**DATA PROVIDED:**

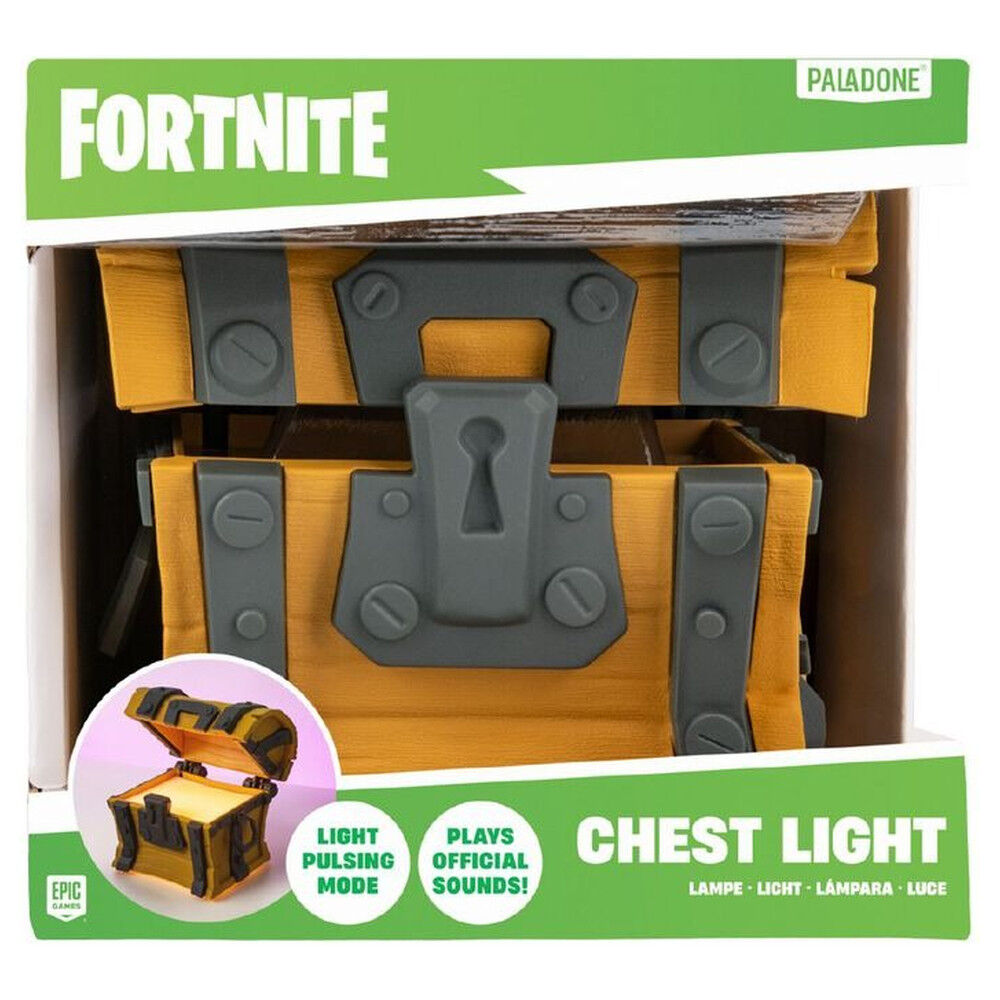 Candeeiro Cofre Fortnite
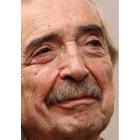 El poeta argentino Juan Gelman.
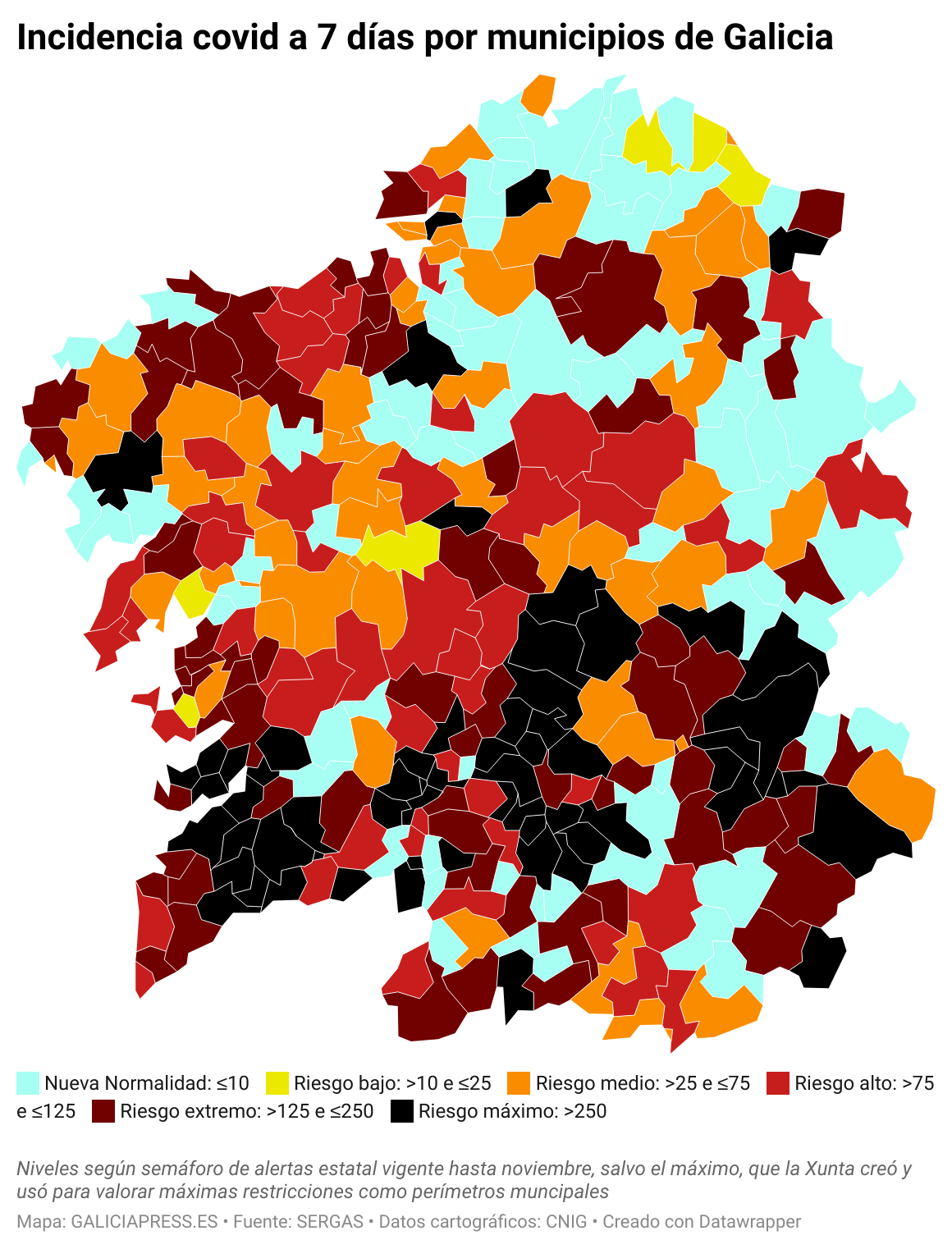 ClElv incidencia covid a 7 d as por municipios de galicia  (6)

---

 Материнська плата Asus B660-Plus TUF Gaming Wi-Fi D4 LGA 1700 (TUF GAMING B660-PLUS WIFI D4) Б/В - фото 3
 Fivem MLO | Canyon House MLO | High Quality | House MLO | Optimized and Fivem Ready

**REQUIRED ACTION:**
Output exactly those lines of the data above that run from the line with "El poeta argentino Juan Gelman." up to and including the line with "ClElv incidencia covid". No pictures go in.

**YOUR SOLUTION:**
 El poeta argentino Juan Gelman.
 ClElv incidencia covid a 7 d as por municipios de galicia  (6)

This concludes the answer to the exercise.